Green Party President Peter Sinkamba has maintained that maize is a poor mans crop which should not be used a poverty reduction strategy.
Responding to a press query on the floor price of K65 per 50kg bag of maize, Mr. Sinkamba reiterated his 2016 presidential election campaign slogan that “maize is a poor mans crop” which cannot be used as a strategic crop to alleviate poverty in a country or other setting.
He explained that since independence in 1964, successive government has invested billions of dollars in maize production as an economic empowerment strategy for the rural framers but not a single farmer has ever been economically empowered through maize cultivation.
“Point at any farmer that you know in Zambia today who can be used as an example of economic empowerment through input support and you will find not even one person despite billions of dollars having being religiously pumped on the strategy since independence in 1964,” Mr. Sinkamba said.
“That’s why, as the Green Party, we think that this strategy is worthless. It needs a serious rethink. Put simply, we are wasting billions of dollars on a worthless poor man’s crop. We need to start thinking outside the box invest in high value crops which can realistically bring about economic empowerment to our people,” he added.
Mr. Sinkamba said there is no country in the world today which can be pointed at as having been prosperous from maize production.
“There is no nation in the world which is prosperous for maize production despite the crop having been cultivated religiously for last 10,000 years or so. The major producer of maize in the world is the United States followed by China and Brazil where it is produced at commercial scale largely for pigs and other livestock markets. It is not a crop for small scale producers because it ends up impoverishing them if they depend on it for human consumption and economic empowerment,” he said.
Mr. Sinkamba said the average price of maize per tonne on the international market is US$210 per metric tonne which is equivalent to 20 by 50 kg bags. He said an average villager produces about 20 bags per season, which is equivalent to one tonne.

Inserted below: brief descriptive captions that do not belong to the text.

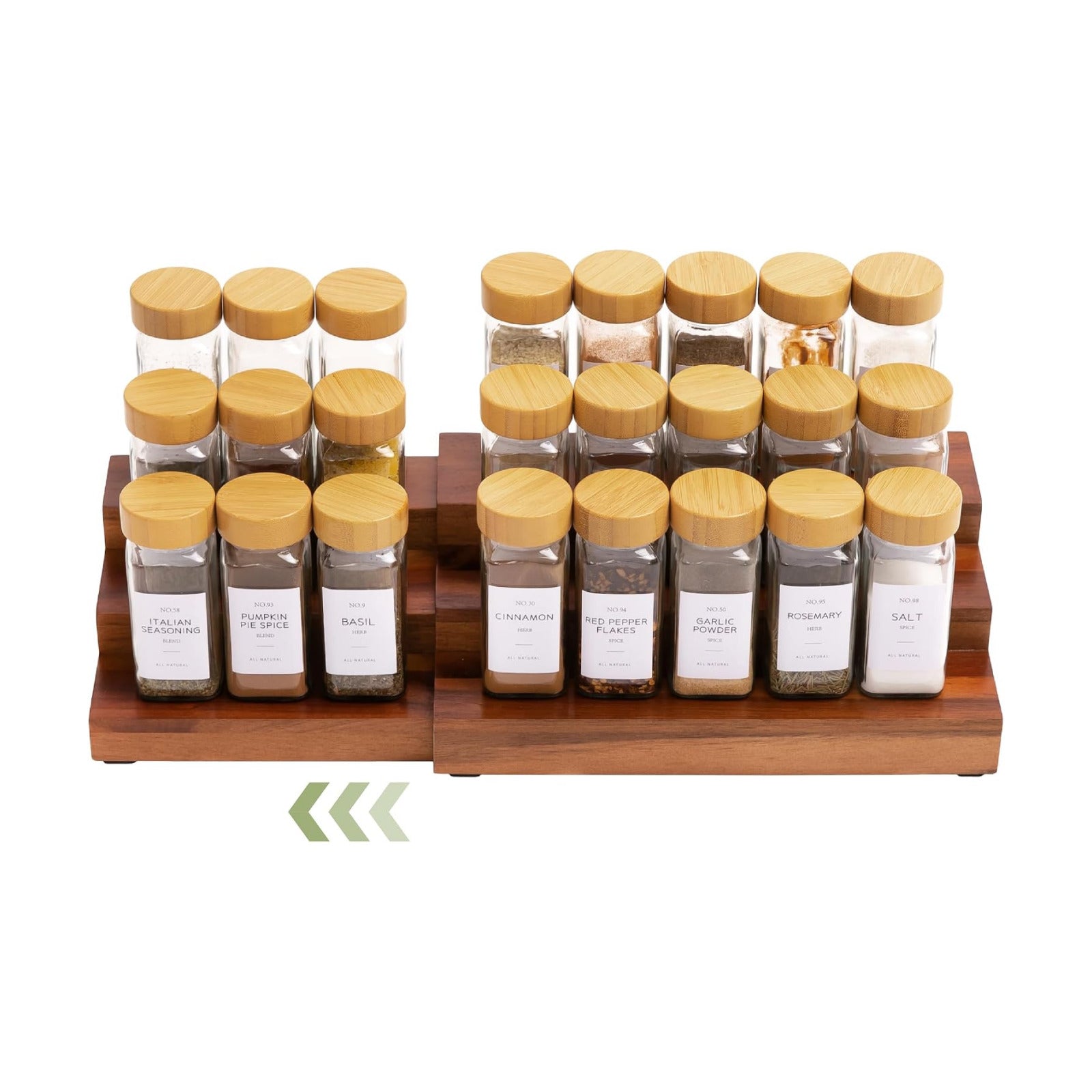 3-Tier Expandable Spice Rack Organizer, Acacia | Fits 36 spice jars, pantry storage, non-slip feet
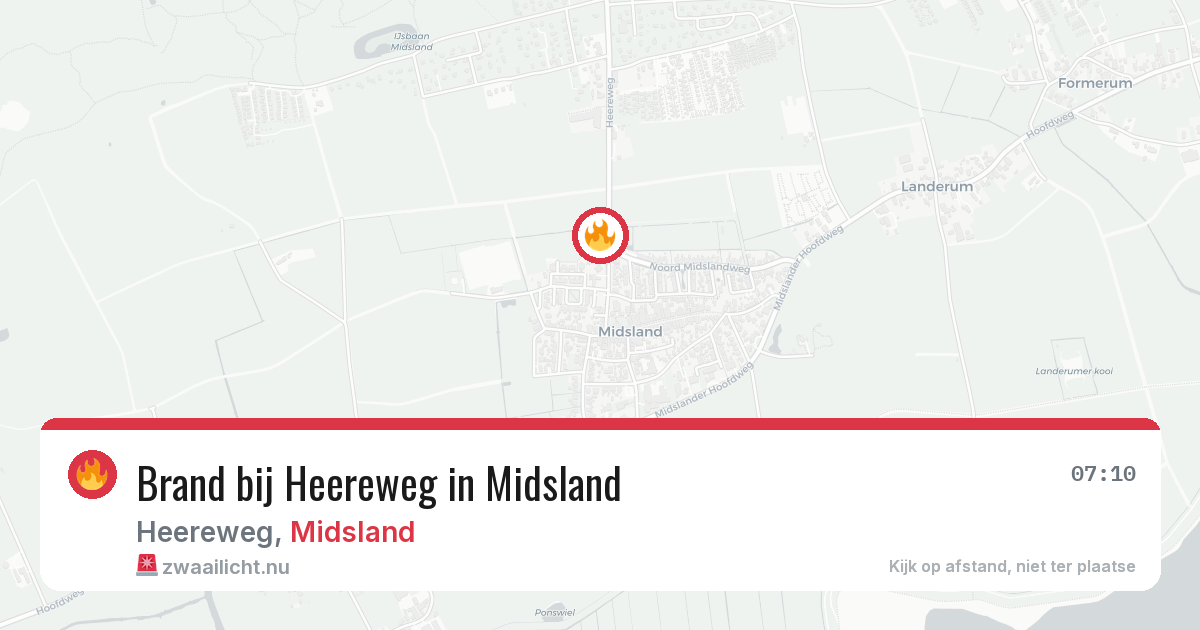 Brand bij Heereweg in Midsland — 20 jun 2026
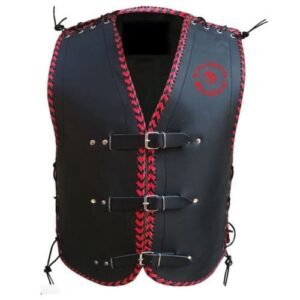 Red & Black Leather Vest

“Subtract 10 bags from the 20 bags produced, which every household in a village household requires for food security per year, this leaves you with 10 bags for economic empowerment. In monetary terms using global market prices, this works out to be US$105. The question is: can someone live on US$105 for the whole year? Mind you, the poverty datum line is one dollar per day or in other words, US$365 dollars per year. So the net income for subsistence farmers in the village is less than half the international poverty datum line. Even if the price of maize is increased threefold from K65, that makes no difference in terms of poverty statistics and thresholds. These are hard facts and it is the reason we call maize a poor man’s crop,” he said.